> [THE PROBLEM]: For each line of the data below that contains "para", return that line.
###
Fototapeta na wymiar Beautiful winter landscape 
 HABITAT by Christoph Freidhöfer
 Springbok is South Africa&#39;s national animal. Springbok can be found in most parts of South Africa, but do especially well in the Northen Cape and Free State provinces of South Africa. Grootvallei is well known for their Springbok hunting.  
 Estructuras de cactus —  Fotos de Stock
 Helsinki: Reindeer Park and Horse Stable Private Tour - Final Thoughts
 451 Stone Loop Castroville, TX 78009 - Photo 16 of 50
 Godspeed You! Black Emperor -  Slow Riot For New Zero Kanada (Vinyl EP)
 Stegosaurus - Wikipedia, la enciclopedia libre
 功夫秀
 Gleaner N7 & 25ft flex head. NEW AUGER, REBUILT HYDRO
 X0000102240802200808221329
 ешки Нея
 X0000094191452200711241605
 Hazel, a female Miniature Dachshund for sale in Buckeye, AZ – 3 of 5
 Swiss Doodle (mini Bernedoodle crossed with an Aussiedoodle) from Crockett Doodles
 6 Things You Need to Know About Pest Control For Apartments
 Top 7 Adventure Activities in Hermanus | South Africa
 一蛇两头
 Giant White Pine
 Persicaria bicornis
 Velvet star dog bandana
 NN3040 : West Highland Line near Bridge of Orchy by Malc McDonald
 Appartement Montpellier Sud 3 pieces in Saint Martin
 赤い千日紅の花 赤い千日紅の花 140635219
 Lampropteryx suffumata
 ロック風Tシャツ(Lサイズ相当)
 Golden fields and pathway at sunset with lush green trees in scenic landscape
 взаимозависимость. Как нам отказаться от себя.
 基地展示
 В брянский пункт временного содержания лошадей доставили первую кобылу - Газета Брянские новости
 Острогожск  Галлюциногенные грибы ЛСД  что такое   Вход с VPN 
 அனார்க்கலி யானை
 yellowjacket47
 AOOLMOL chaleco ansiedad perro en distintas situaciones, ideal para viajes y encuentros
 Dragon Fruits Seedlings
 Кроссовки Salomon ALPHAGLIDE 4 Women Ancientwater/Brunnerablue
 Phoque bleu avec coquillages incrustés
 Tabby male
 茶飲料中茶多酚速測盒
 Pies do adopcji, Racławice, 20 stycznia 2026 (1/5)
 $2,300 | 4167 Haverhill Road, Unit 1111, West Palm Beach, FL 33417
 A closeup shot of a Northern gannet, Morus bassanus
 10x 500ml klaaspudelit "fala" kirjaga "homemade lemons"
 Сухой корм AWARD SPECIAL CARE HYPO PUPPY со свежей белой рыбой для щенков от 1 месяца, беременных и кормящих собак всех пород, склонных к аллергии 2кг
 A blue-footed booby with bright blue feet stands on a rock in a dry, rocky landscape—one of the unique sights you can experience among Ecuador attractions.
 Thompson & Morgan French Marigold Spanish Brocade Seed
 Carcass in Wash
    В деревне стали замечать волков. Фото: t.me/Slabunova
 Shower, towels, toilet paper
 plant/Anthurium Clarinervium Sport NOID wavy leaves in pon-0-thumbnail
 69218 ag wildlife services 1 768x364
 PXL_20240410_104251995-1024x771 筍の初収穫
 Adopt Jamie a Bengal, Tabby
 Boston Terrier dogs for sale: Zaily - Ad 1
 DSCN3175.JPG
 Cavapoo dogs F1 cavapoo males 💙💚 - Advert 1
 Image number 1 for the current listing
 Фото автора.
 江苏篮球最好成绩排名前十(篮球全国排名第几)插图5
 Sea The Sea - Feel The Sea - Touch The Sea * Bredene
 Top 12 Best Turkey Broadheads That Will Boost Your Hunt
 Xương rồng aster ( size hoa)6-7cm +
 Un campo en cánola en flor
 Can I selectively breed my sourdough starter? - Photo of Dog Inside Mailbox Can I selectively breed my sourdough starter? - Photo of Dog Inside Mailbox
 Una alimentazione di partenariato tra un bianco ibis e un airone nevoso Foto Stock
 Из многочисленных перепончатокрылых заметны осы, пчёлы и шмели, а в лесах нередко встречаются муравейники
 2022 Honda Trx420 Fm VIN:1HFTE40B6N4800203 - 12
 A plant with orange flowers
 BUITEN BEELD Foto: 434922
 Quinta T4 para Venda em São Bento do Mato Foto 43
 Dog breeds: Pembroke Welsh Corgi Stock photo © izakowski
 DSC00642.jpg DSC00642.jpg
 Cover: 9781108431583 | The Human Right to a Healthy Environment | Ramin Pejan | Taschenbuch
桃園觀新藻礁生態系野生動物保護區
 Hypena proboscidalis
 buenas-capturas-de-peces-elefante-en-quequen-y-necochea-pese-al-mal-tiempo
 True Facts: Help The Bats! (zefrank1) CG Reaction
###
> [YOUR SOLUTION]:
 AOOLMOL chaleco ansiedad perro en distintas situaciones, ideal para viajes y encuentros
 Quinta T4 para Venda em São Bento do Mato Foto 43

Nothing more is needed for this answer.